# What you are asked to do
Without the images, repeat every line of the listing verbatim.

# Source material
::::
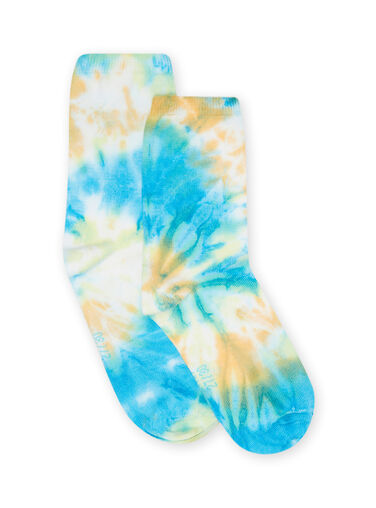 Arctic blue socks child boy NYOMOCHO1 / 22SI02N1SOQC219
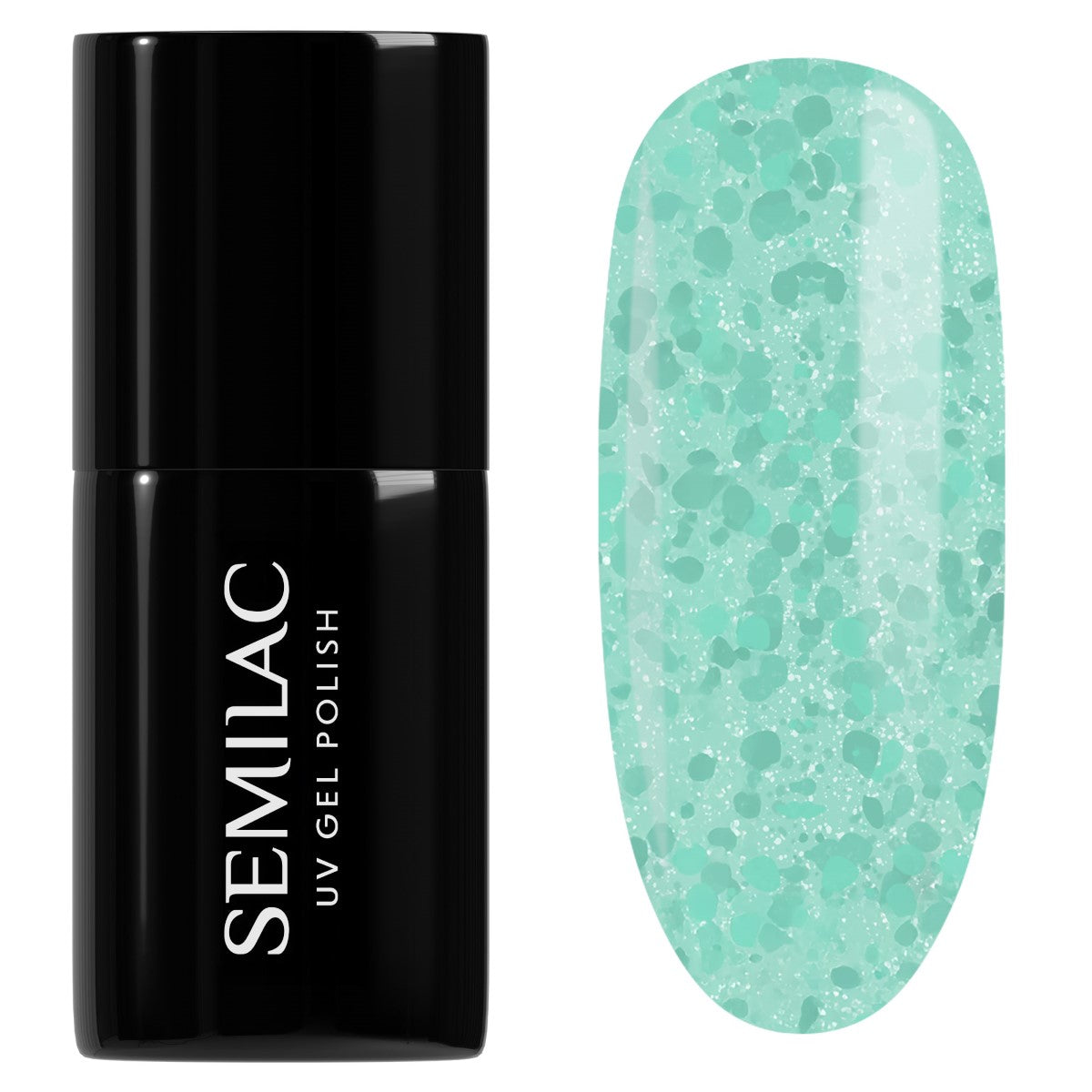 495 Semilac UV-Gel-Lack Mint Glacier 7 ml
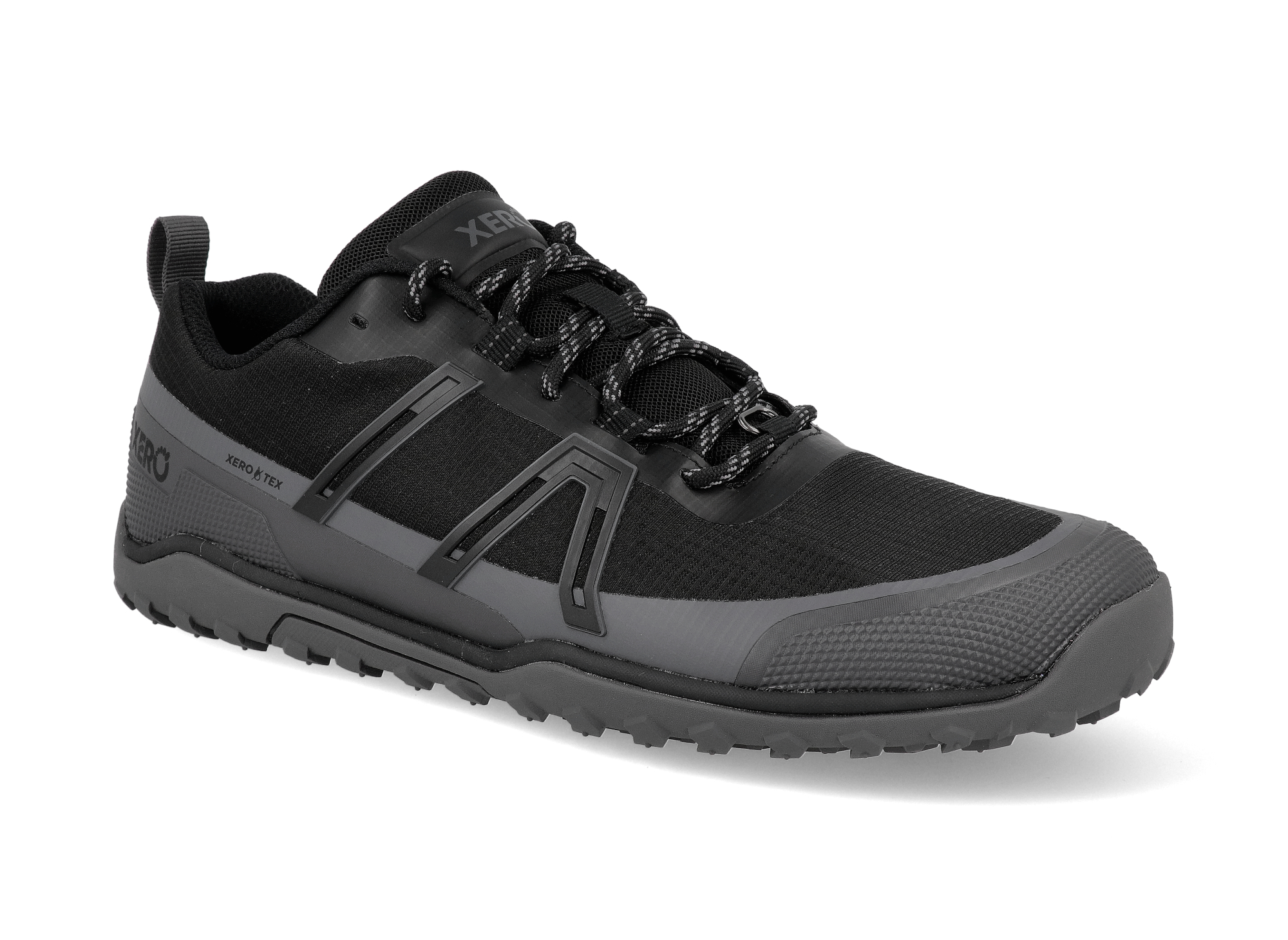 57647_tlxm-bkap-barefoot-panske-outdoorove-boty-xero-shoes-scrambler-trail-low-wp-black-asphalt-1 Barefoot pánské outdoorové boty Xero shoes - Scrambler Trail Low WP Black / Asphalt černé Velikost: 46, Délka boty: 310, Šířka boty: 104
::::
# Reply
 Arctic blue socks child boy NYOMOCHO1 / 22SI02N1SOQC219
 495 Semilac UV-Gel-Lack Mint Glacier 7 ml
 57647_tlxm-bkap-barefoot-panske-outdoorove-boty-xero-shoes-scrambler-trail-low-wp-black-asphalt-1 Barefoot pánské outdoorové boty Xero shoes - Scrambler Trail Low WP Black / Asphalt černé Velikost: 46, Délka boty: 310, Šířka boty: 104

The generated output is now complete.